### Work instructions
No pictures, no extra lines: copy exactly from the line with "HEALTH - Gesundheit" through the end of the entries.

### Entries shown
______
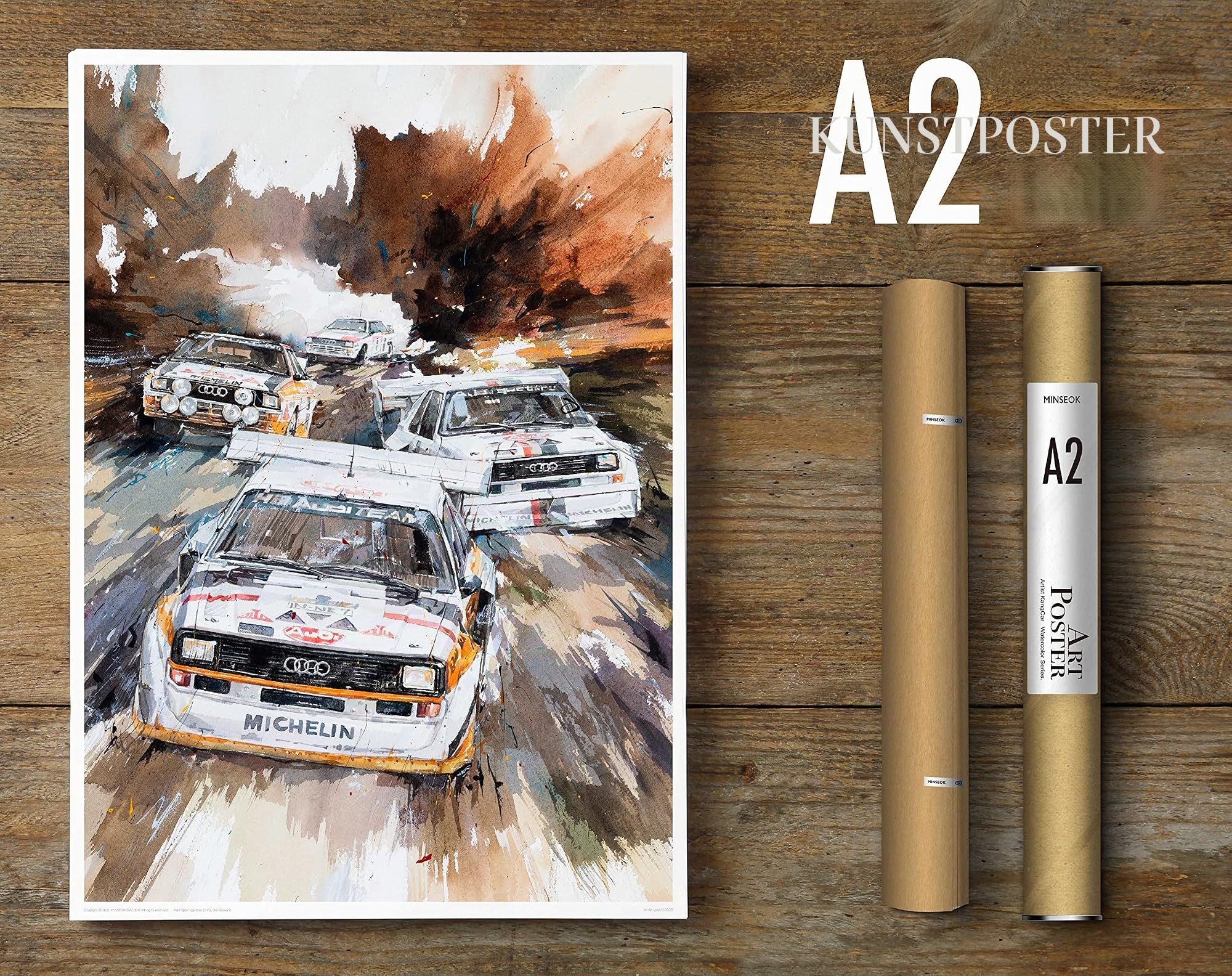 MINSEOK Aquarell-Auto-Poster – Premium A2 Wanddeko, Vintage Drucke, Geschenkidee für Autoliebhaber – Dynamische Rallye-Sportwagen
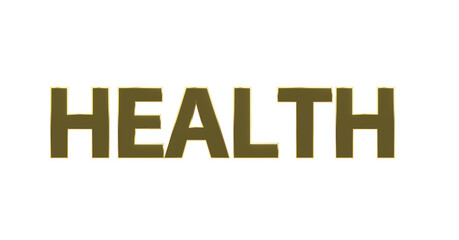HEALTH - Gesundheit - goldene plakative 3D-Schrift, Sport, Wellness, Medikamente, Stress, Fitness, Freisteller, Rendering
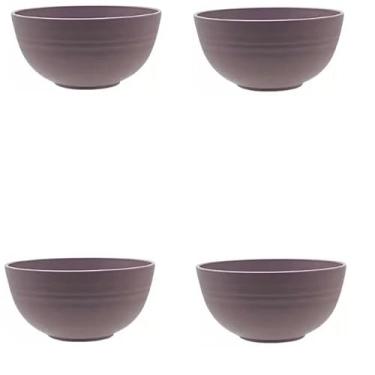 Imagem de Kit 4 Tigelas Bowl Bambu Ecológico Sobremesa Bowls Tigela Alimentos (Roxo Claro 12x6cm)
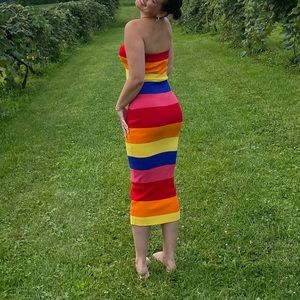 AKIRA RAINBOW STRIPED RIBBED TUBE DRESS SIZE SMALL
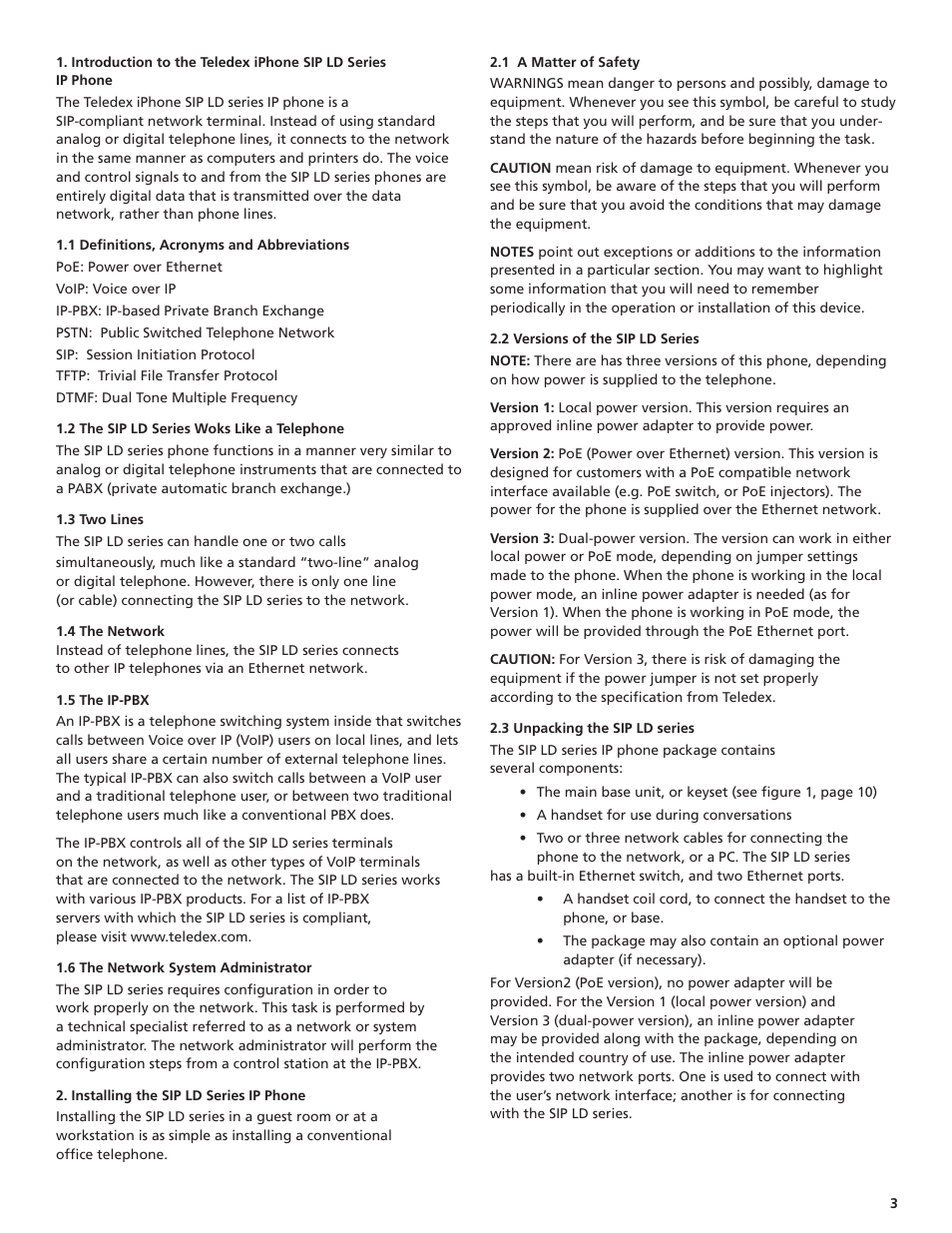 Teledex iPhone SIP LD4100 User Manual | Page 3 / 16
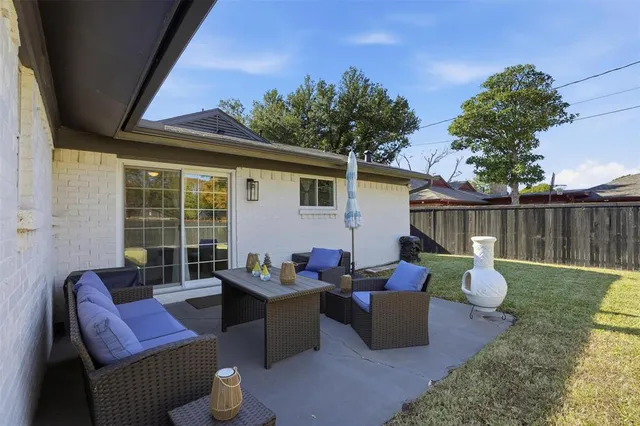 a building outdoor space with patio furniture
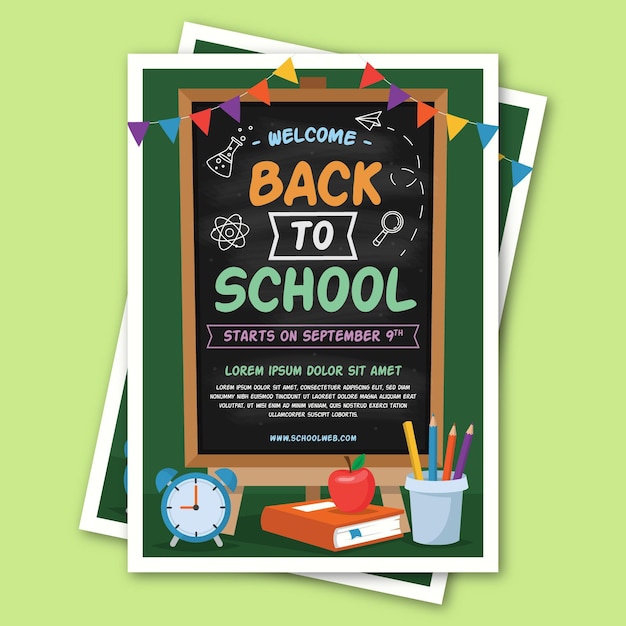 Free vector back to school card template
______
### Response to this task
HEALTH - Gesundheit - goldene plakative 3D-Schrift, Sport, Wellness, Medikamente, Stress, Fitness, Freisteller, Rendering
 Imagem de Kit 4 Tigelas Bowl Bambu Ecológico Sobremesa Bowls Tigela Alimentos (Roxo Claro 12x6cm)
 AKIRA RAINBOW STRIPED RIBBED TUBE DRESS SIZE SMALL
 Teledex iPhone SIP LD4100 User Manual | Page 3 / 16
 a building outdoor space with patio furniture
 Free vector back to school card template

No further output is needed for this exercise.